- Directed by: Olena Demyanenko
- Produced by: Olena Demyanenko
- Production company: Gagarin Media [uk]
- Distributed by: B&H Film Distribution Company [uk]
- Release date: 7 March 2019;
- Running time: 90 minutes
- Language: Ukrainian

= Hutsulka Ksenya =

Hutsulka Ksenya («Гуцулка Ксеня») is a 2019 Ukrainian musical film directed by Olena Demyanenko, based on the operetta of the same name by Yaroslav Barnych.

== Plot ==
Set in 1939 with the occupation of Western Ukraine, the Bolsheviks remain several weeks. In Vorokhta comes an American of Ukrainian origin Yaro (Maxim Lozinsky) to marry a Ukrainian. Only on this condition, he can the inherit large wealth of his father. Yuro is familiar with Ksenia (Varvara Lushchka), which changes his plans.

== Creative group ==
Screenplay — Olena Demyanenko (based on the operetta of the same name by Yaroslav Barnych).

Music — Yaroslav Barnych, Timur Polyansky and freak cabaret "Dakh Daughters".

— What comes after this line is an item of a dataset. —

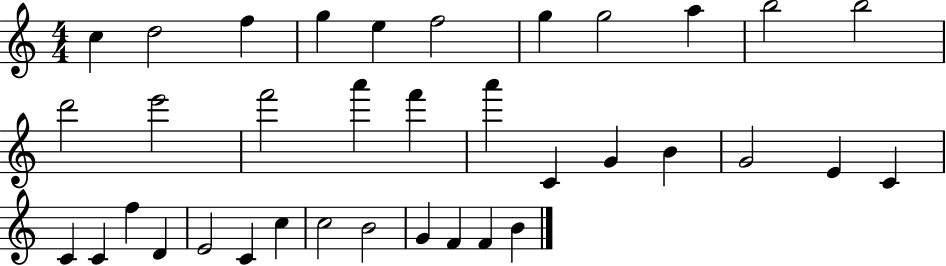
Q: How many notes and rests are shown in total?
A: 36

Tango director — Vyacheslav Grinchenko.

Directed by Olena Demyanenko.

The cinematographer is Dmitry Yashenkov.

Production designer— Yuri Larionov.

Costume designer — Nadiya Kudryavtseva.

Make-up artist — Vitaly Skopelidis.

Editing — Igor Rak.

Sound director — Artem Mostovy.

Executive producer — Eugenia Rauch.

Producers — Olena Demyanenko and Dmytro Tomashpolsky.

== Production ==

=== Estimate ===
Hutsulka Ksenya became one of the winners of the ninth competitive selection of the State Enterprise. The share of financing Derzhkino — ₴ 23.9 million from total estimate in ₴ 47.8 million.

=== Film ===
The shooting pavilion took place at the Kyiv film studio named Dovzhenko on specially built 15 objects. Nature shooting for the film took place in the Carpathians and in the Zhytomyr region.

=== Soundtrack ===
Lyrics and music for the film soundtrack wrote and accomplished the Kyiv Music Group “Dakh Daughters” and other performers.

== Release ==
The film came out in a wide Ukrainian rental on March 7, 2019, Distributor — B&H. The film came out on the Takflix Vod platform on February 27, 2020.

The tape received approvals from Ukrainian film critics.

=== Awards ===
On July 1, 2019, the film won the Grand Prix of the festival “Mt. Fuji — Atami International Film & VR Festival”, which takes place in Japan.

At the IV Golden Whirlwind Film Awards, held on May 3, 2020, in the online show mode, the film was presented in nine nominations (sharing 2-3 places with the film “My thoughts are quiet” and skipping ahead of the film “Home” — 11 nominations). He won two nominations — “Golden Whirlwind Award for Best Composer” (Timur Polyansky, Dakh Daughters Freak Cabaret) and “Best Song” (“Mermaid Mavka”, Dakh Daughters Freak Cabaret).